需給動向 国内

◆鶏 卵◆

気温低下に伴い卸売価格が回復


◇絵でみる需給動向◇


 平成24年8月下旬以降、M玉以上のサイズの価格が堅調に推移している。鶏卵相場の主な指標とされるM玉 (全農・東京) は、1カ月余りの間におよそ40円上昇し、10月15日現在、前年同期を8円上回る、キログラム当たり193円となっている(図10)。既報の通り、8月下旬から9月中旬にかけては、夏場の卵重低下に伴う大玉の供給不足により価格が上昇した。それ以降は暑さが和らぎ、減退していた需要が徐々に戻ってきたことにより、引き続き値を上げたとみられる。また、量販店から月末の特売に向けた需要があったことなども、相場を押し上げる要素となったもようである。

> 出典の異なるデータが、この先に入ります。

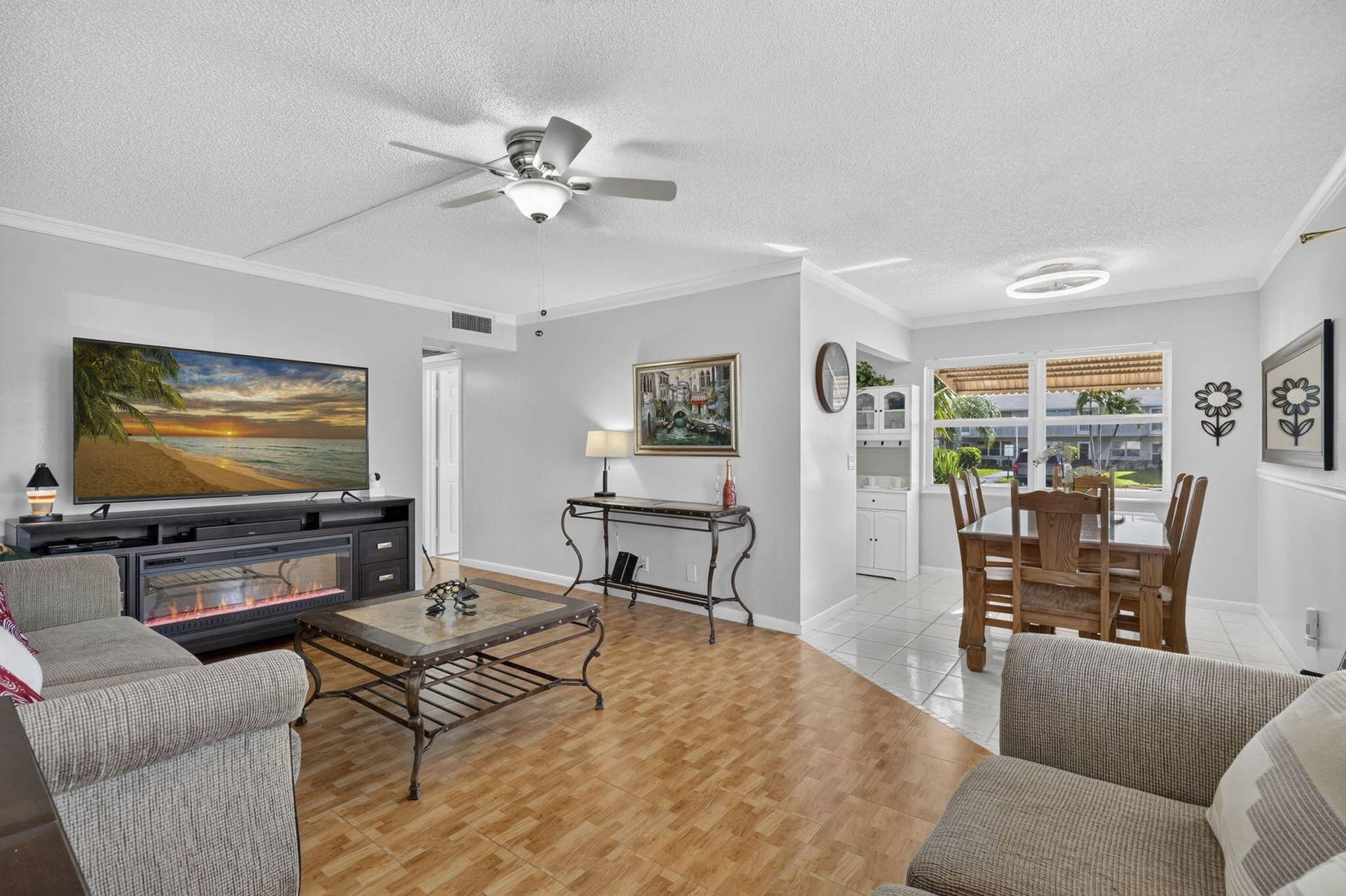 324 Chatham P, #324, West Palm Beach, FL 33417 19-web-or-mls-BS1A3527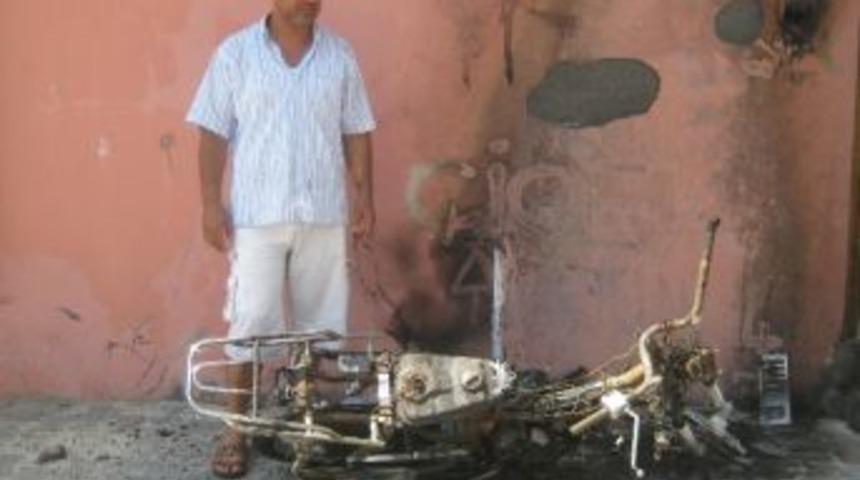 Evin &Ouml;n&uuml;ndeki Motosikleti Kundakladılar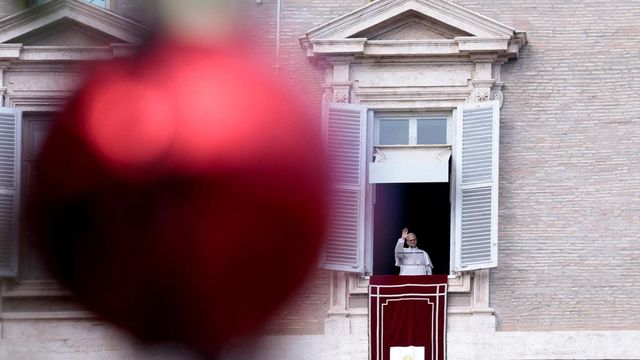 Papa: “Chi crede nella pace viene ridicolizzato”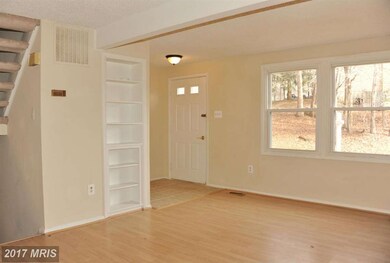 8675 Rising Creek Ct, Springfield, VA 22153 - photo 4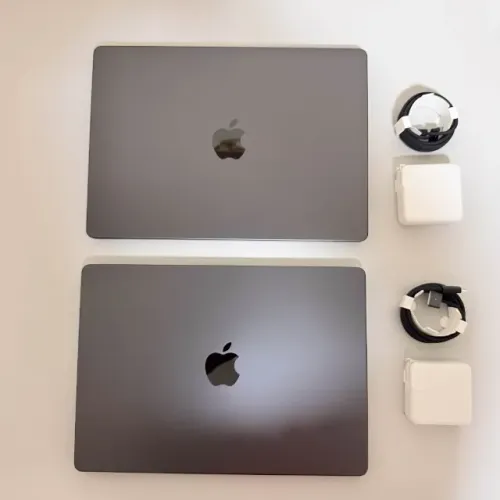 Macbook Pro M5 Com Chip Pro 24gb 2TB SSD 14" - Com 15 Núcleos CPU E 16 Núcleos GPU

 卵重低下により供給過多の状態が続いていたS玉、SS玉といった小玉も、9月中旬以降は卵重が回復し始めたため、荷余り感が解消され、9月19日以降上昇基調の値動きとなっている(図10)。 こちらも季節要因によるものであるが、今年は例年以上に厳しい残暑が続いたことから、価格が底を打つ時期が、例年と比較して20日程度遅かった。
図10 サイズ別卸売価格の推移(東京)
資料:全農「畜産販売部情報」
 このように鶏卵相場が上昇傾向で推移した結果、日別標準取引価格(全農たまご株式会社の東京・大阪市場における規格卵の加重平均価格)も9月26日にはキログラム当たり186円となり、今年度初めて、前年同期の同価格 (キログラム当たり180円)を上回った(図11)。
図11 鶏卵の卸売価格の推移(日別標準取引価格)
資料:社団法人日本養鶏協会

最需要期までの需要に注目

 例年、10月中旬から11月中旬にかけて、行楽需要が見込まれる一方で、8、9月と比較して生産量が大きく増加することから、相場は横ばい、もしくはやや下落する傾向にある。卵価の低迷や飼料価格の高止まりにより、鶏卵生産者にとって厳しい経営環境が続く中、11月下旬から年末にかけての最需要期に入るまでの需要が、どの程度価格の下支えとなるかが注目されるところである。